これを受けて、2017年にISOで「ファインバブル」「マイクロバブル」「ウルトラファインバブル」の用語が規格化された。その結果、ファインバブルという用語や粒径が国際的に統一され、産業界や研究界、ユーザーの間で同じ基準で評価や議論ができるようになった。その後、測定方法や性能評価方法についてもISO規格化され、ファインバブルの効果を客観的で再現性のあるデータで示せるようになった。
ウェルビーイング中核技術 グローバル産業化
また宣言文の中では、持続可能な開発目標(SDGs)の達成に向け、ファインバブル技術の世界的な導入を促進するため、ファインバブル技術の産業化を最優先課題として推進するとしている。
産業分野でのSDGs達成に向けたファインバブルの活用事例は、さまざまある。例えばインフラ分野では、高速道路サービスエリアのトイレ洗浄に関する事例が挙げられる。FBIAの調べによると、サービスエリアのトイレ洗浄にウルトラファインバブル水を使用することで、尿石除去などの有効性が確認され、洗浄効果が改善した。水道水に比べて使用水量を99%削減、清掃時間を40%削減した。また洗剤使用量も66%削減している。
工業分野では、機械部品の洗浄工程で効果を上げている。洗浄装置の洗浄槽にマイクロバブルを発生させ、微細気泡による油分の吸着除去という洗浄原理を生かし、機械部品の表面に付着した油分を洗浄する。通常の水と比べ、ファインバブル水では油分除去洗浄効率が90%向上した。
農林水産分野では、ウルトラファインバブル水を使用することで、グリーンリーフレタスの成長率が20%向上した。大麦の発芽促進では成長率が46%向上した。

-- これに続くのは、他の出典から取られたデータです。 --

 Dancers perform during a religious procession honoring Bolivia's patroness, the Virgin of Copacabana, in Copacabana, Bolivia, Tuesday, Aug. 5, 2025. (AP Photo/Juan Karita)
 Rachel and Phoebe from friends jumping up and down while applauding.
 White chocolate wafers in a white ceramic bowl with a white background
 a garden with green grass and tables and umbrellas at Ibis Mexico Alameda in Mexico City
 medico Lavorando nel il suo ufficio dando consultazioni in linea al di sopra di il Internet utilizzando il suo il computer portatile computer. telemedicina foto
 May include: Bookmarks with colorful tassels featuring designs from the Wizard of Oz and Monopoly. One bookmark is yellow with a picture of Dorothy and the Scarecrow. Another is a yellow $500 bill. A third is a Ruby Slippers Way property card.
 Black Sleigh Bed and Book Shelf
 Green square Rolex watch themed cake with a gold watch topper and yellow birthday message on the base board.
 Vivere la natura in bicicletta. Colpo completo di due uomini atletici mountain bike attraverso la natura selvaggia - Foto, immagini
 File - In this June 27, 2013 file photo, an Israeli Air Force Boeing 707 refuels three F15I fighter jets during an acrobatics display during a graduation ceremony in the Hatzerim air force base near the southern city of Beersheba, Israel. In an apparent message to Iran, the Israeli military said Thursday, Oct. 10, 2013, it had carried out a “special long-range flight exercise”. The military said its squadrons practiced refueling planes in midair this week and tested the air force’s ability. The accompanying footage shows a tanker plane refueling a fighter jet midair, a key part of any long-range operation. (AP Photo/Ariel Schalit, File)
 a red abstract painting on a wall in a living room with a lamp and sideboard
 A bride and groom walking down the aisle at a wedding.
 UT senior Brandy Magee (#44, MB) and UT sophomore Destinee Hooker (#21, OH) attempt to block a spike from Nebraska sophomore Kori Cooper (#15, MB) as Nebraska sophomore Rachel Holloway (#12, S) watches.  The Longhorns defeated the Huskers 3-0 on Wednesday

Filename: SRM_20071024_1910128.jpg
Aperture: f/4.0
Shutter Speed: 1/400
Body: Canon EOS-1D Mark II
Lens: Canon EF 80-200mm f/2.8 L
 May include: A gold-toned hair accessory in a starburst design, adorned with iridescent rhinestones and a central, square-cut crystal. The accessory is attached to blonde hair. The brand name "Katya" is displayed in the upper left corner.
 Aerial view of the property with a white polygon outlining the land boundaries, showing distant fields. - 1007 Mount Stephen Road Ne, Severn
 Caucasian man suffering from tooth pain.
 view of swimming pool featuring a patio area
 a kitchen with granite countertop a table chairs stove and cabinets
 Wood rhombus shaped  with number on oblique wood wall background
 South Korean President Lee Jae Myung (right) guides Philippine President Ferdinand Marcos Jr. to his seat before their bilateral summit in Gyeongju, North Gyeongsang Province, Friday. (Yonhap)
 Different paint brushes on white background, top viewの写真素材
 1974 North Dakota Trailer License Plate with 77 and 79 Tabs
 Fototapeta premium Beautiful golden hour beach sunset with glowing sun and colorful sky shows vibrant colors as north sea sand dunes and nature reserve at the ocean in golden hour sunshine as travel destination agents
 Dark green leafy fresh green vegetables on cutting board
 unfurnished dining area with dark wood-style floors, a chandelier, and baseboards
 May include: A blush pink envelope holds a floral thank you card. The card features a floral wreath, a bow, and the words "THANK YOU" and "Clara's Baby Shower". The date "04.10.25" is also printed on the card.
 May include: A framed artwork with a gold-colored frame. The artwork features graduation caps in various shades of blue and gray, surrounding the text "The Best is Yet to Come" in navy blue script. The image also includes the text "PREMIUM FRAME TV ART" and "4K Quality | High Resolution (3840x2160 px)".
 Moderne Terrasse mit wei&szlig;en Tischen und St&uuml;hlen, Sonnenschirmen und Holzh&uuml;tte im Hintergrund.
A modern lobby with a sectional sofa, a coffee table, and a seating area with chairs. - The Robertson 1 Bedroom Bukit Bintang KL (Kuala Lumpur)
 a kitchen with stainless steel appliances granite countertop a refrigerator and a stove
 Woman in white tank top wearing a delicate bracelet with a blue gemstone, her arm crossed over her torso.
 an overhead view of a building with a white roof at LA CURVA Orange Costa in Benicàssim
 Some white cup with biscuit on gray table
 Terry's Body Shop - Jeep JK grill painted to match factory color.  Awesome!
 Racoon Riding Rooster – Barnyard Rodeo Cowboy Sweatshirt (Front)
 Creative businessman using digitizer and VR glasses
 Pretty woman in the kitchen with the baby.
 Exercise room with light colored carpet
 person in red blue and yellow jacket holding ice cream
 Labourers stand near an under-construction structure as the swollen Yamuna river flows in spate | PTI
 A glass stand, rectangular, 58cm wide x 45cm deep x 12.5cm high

こうした効果により、ファインバブル水の使用が節水につながる。節水は水資源の保全や環境汚染防止と関係しており、SDGsの達成に大きく貢献できる。また洗剤や洗浄液の使用を削減することとなり、環境にやさしい技術といえる。
FBIAは同宣言により、「ナノバブル」からの脱皮を図り、ウルトラファインバブルの呼称使用が国内だけでなく、海外にも広まることを期待する。これとともに、認証制度の社会的浸透が進むことを見込んでいる。
GISHWのイベントは30年にサウジアラビアで開催するリヤド万博でも開かれることから、FBIAは「ファインバブル技術をウェルビーイングテックの中核技術として、一層のグローバル産業化を推進していく」としている。
【用語】 GISHW (Global Initiative for Safety, Health and Well—being at EXPO2025 & beyond)=働く人の安全や健康、ウェルビーイング(心身の幸福)向上を考える国内外の専門家などが集う連合体。民間企業のほか、日本からは日本規格協会、日本産業衛生学会などが参画。国際労働機関(ILO)、世界保健機関(WHO)などの国際的な機関も参加する。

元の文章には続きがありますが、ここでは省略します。